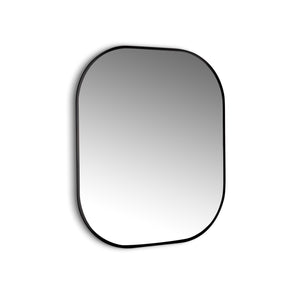 Emuca Specchio Cepheus con illuminazione LED decorativa e cornice nera, tondo rettangolare 600 x 800 mm, 12 W, Alluminio e Vetro, 1 u.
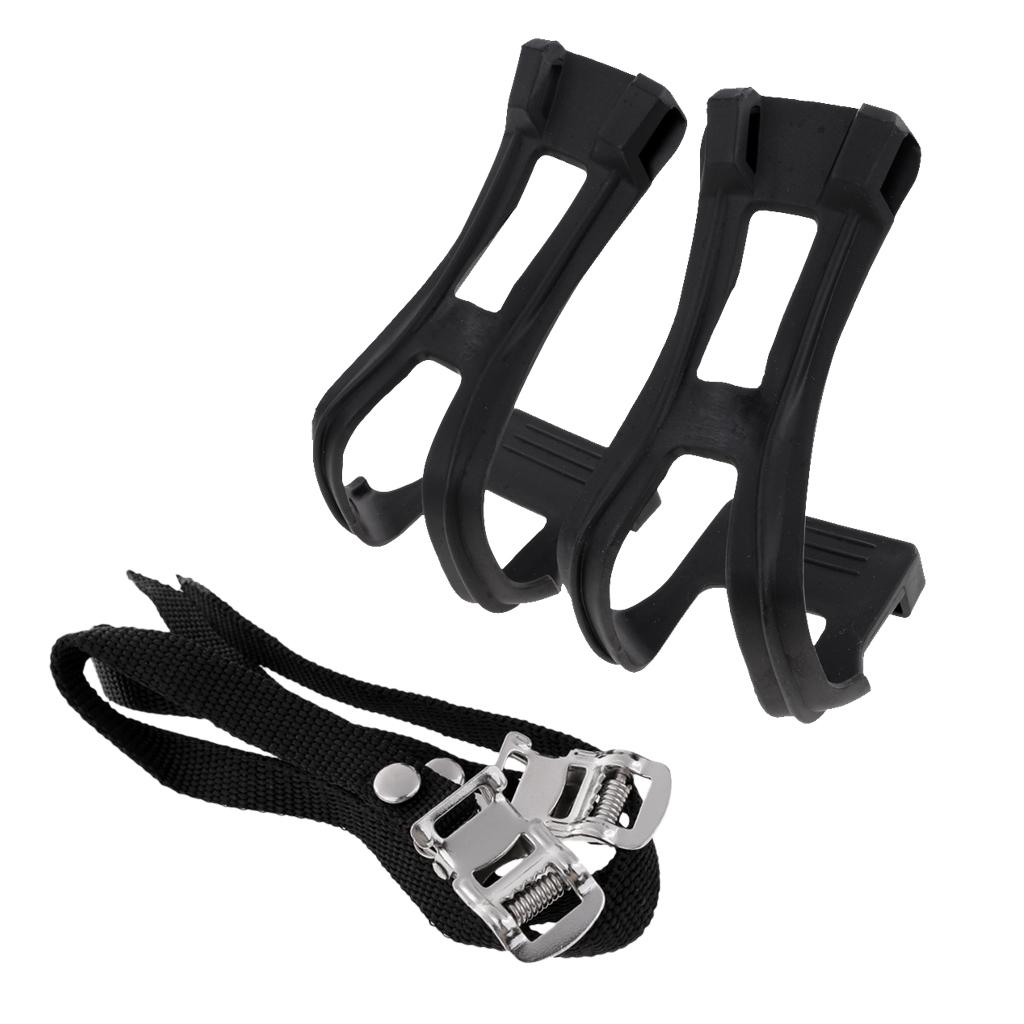 1 Pair   Bike Racing Road Mountain Toe Clips and Straps Durable,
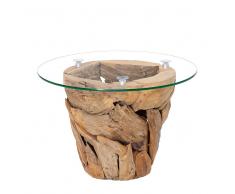 Design Couchtisch aus Teak Recyclingholz runde Glasplatte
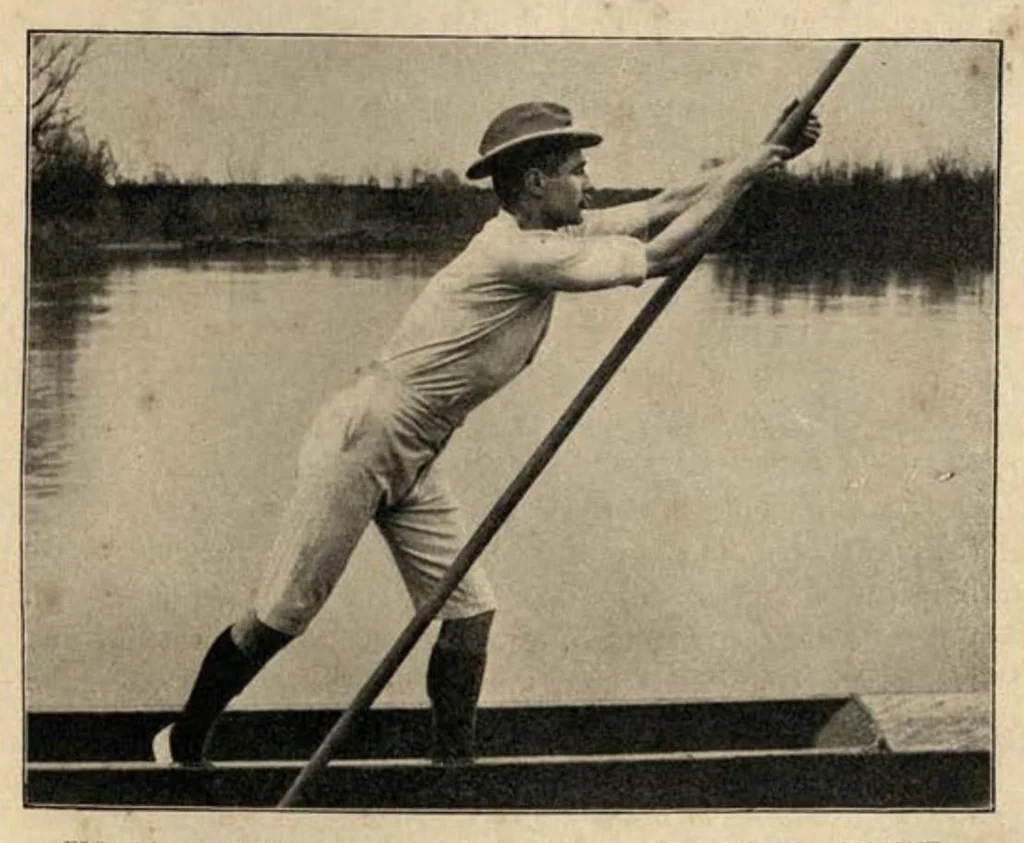 An illustration from Rowing; Punting (the Badminton Library of Sports and Pastimes), 1898, leaf 338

### [Instructions to follow]
Starting with the line that contains "Bike Racing Road", repeat each line exactly until the listing ends, including the last one. Leave pictures out.

### [Task response]
 1 Pair   Bike Racing Road Mountain Toe Clips and Straps Durable,
 Design Couchtisch aus Teak Recyclingholz runde Glasplatte
 An illustration from Rowing; Punting (the Badminton Library of Sports and Pastimes), 1898, leaf 338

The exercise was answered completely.